Kenyan author and anthropologist

Bettina Ng'weno is a Kenyan author, anthropologist and associate professor of African American and African Studies at the University of California, Davis.

== Early life and education ==
Ng'weno was born in 1967 in Nairobi to Kenyan journalist Hilary Ng'weno and his wife, Fleur (née Grandjouan), a writer and natural historian. She is the second born of 2 children with her and her sister Amolo also joining the family academic and innovative career paths.

Ng'weno completed secondary school in Kenya before moving to the United States. She earned a Bachelor of Science in Agricultural Science and Management, at the University of California, Davis, followed by a Master of Arts in Anthropology from Stanford University and a PhD in Anthropology from Johns Hopkins University.

== Career ==
Ng'weno's research examines space, materiality, land, and their relations to people, drawing from her Nairobi upbringing and connections to the African diaspora. In 2022, she served as lead director of the Mellon Research Initiative "Reimagining the Indian Ocean World," investigating transnational connections across the Indian Ocean.

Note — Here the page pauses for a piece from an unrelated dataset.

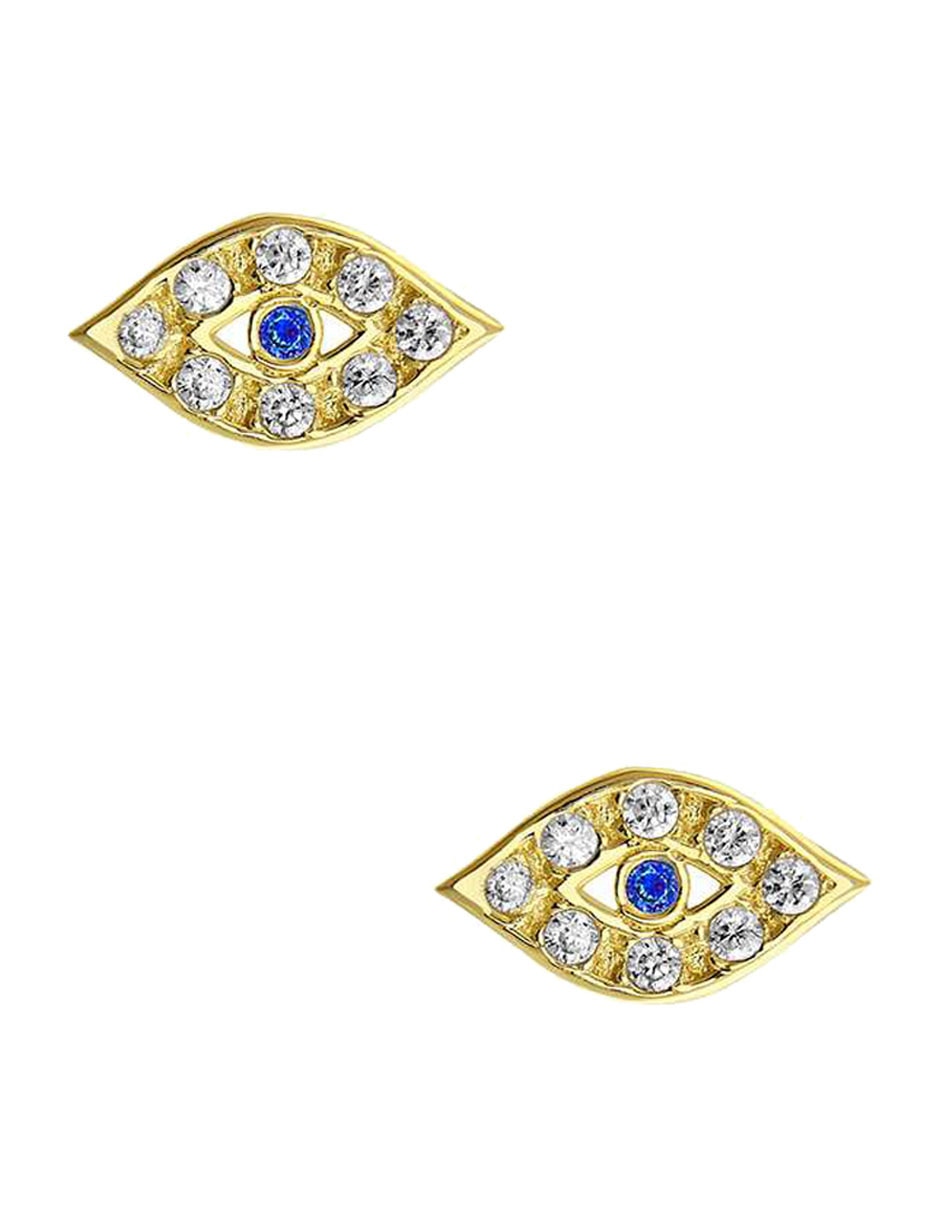 Broqueles de ojo turco de Oro 14 K con acabado brillante zirconia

Her publications include Turf Wars (2007), Developing Global Leaders: Case Studies from Africa (2020), No Place Like Home in a New City (2025), Listening Like a State (2025), and contributions to Reimagining Indian Ocean Worlds (2020). These works address anti-urbanist policies in Africa and its diasporas.

In 2025, she participated in the Sharjah Biennial 16's "April Acts" weekend initiative , exploring the event's curatorial themes tied to its coastal location.

== Awards and recognition ==
Ng'weno has received the UC Davis Distinguished Graduate and Postdoctoral Mentorship Award (2020, 2025), Academic Senate Distinguished Teaching Award, ASUCD Excellence in Undergraduate Education Award, and a Wenner-Gren Foundation grant.